Although we don't believe in timing the market or panicking over market movements, we do like to keep an eye on big changes -- just in case they're material to our investing thesis.
What: Shares of Radian Group (NYS: RDN) , a provider of mortgage insurance coverage, soared as much as 17% after reporting much better-than-expected third-quarter earnings results.
So what: For the quarter, Radian Group reported a 49% decline in revenue to $260.8 million over the previous year, and a profit of $0.11 per share (its first profit in 2012). That may not sound very strong, but all things considered, Radian crushed Wall Street's estimates for $224.6 million in revenue and an expected loss of $0.52. That is indeed an EPS beat of $0.63 when all is said and done. In addition to writing $10.6 billion in mortgage insurance this quarter, Radian recorded a fair value derivative gain of $41.8 million and a net gain on investments of $84.7 million.

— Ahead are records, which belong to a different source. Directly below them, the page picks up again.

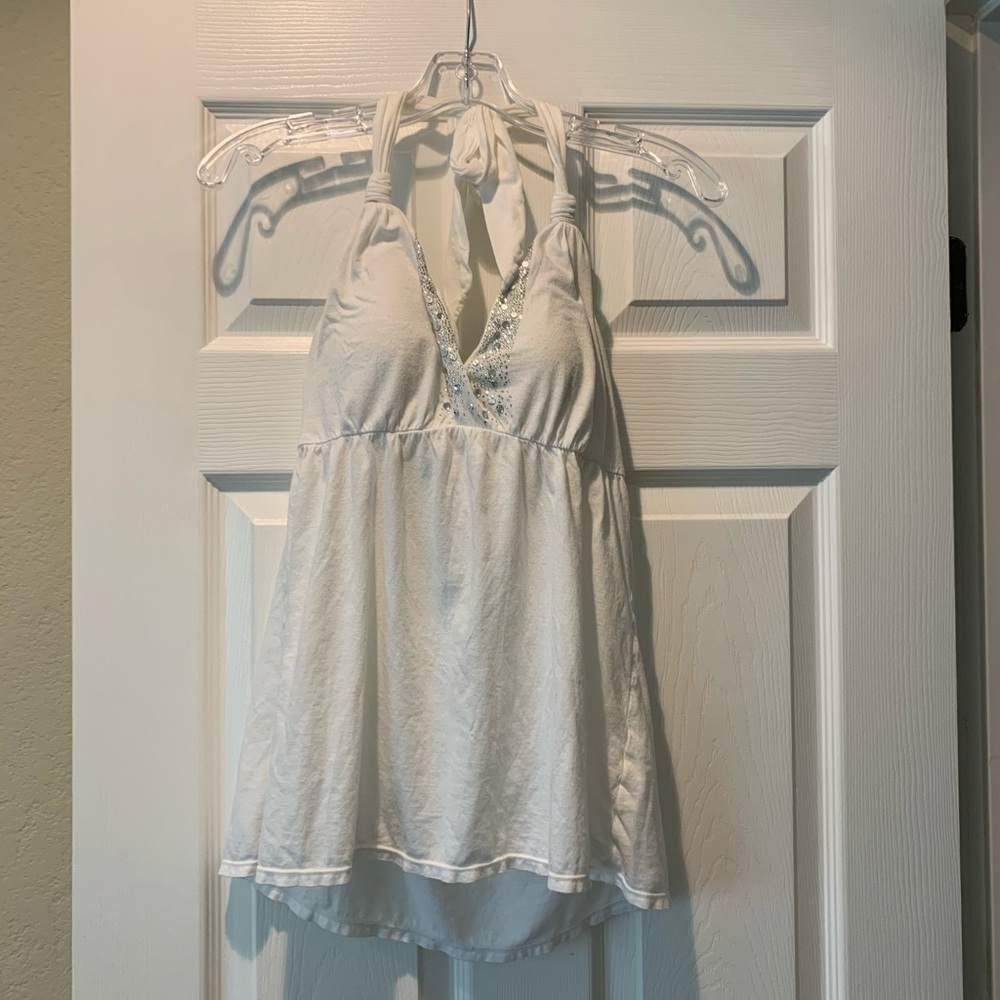 White halter bra top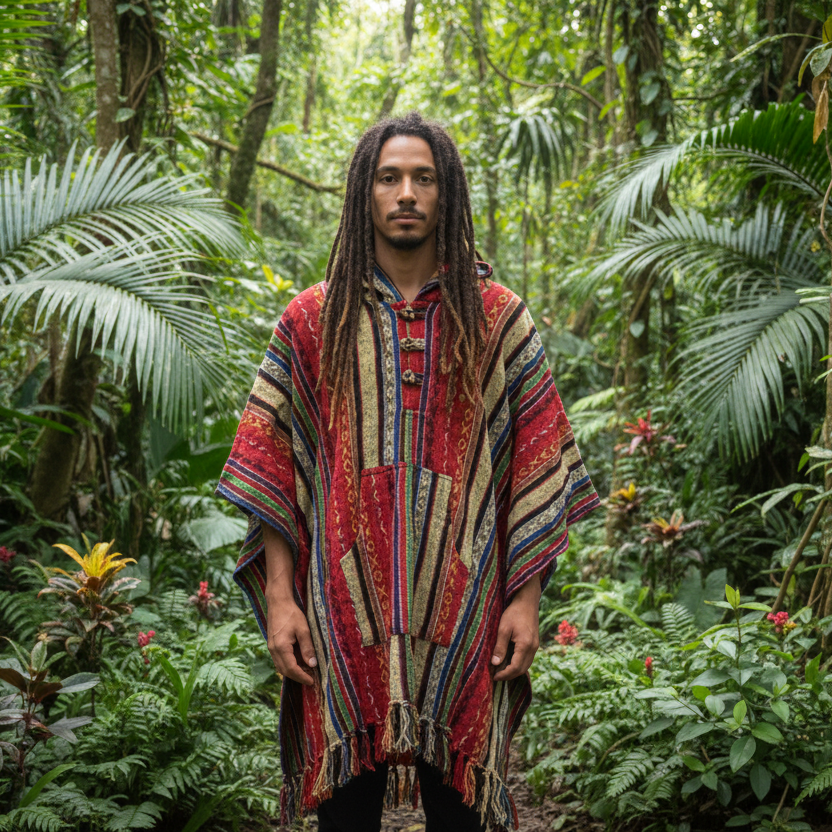 Red Unisex Winter Brushed Cotton Poncho Free Size Made in Nepal-Hand Picked Imports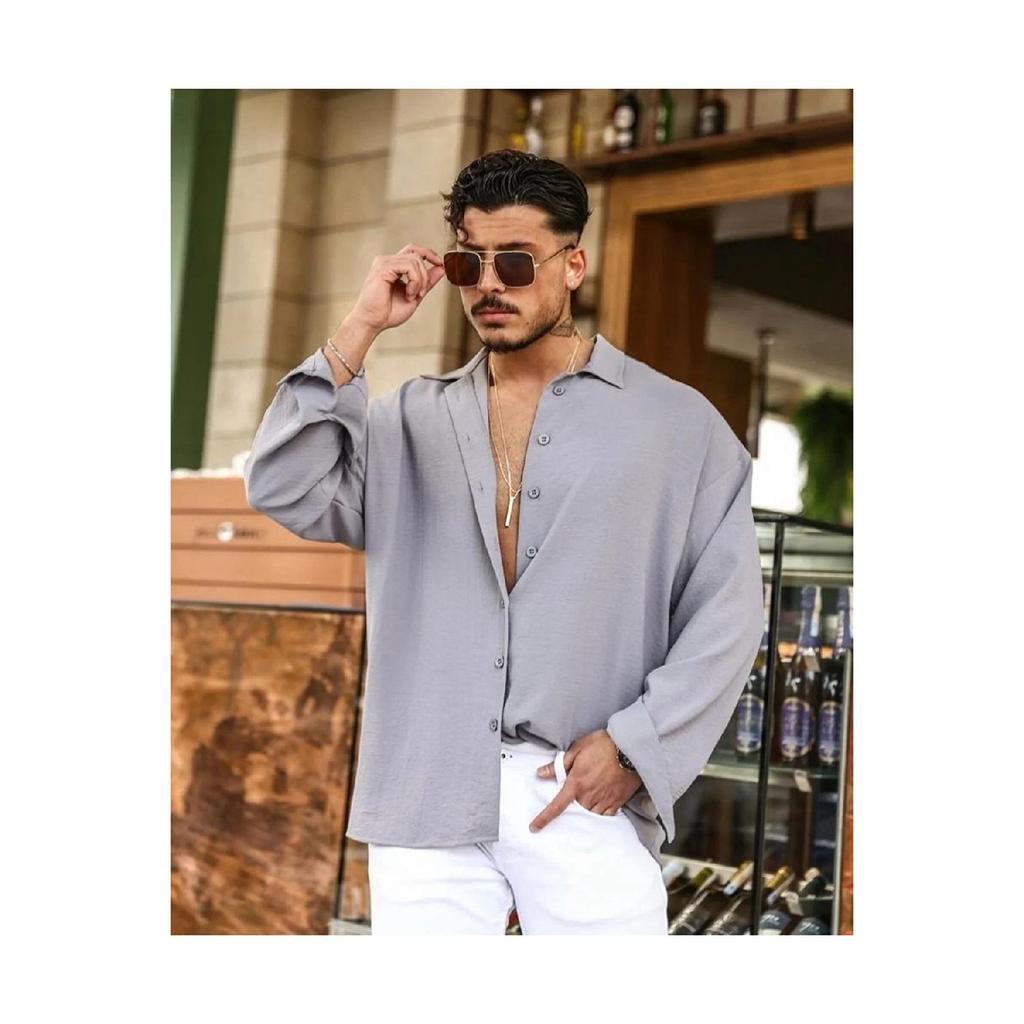 Cămașă supradimensionată Aerobin cu textura de vară pentru bărbați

Now what: This is a good first step for Radian, but it still has a long way to go before I'd give the company anywhere near a clean bill of health. Radian's underwritings prior to the recession weren't the highest quality, and it's still dealing with the legacy risks of those assets. If Radian can show me a few more profitable quarters like this, where mortgage insurance underwriting goes up by double-digits, then I'd be willing to give the company another look. In the meantime, I wouldn't allow today's large move higher to suck you into a long and drawn-out turnaround story.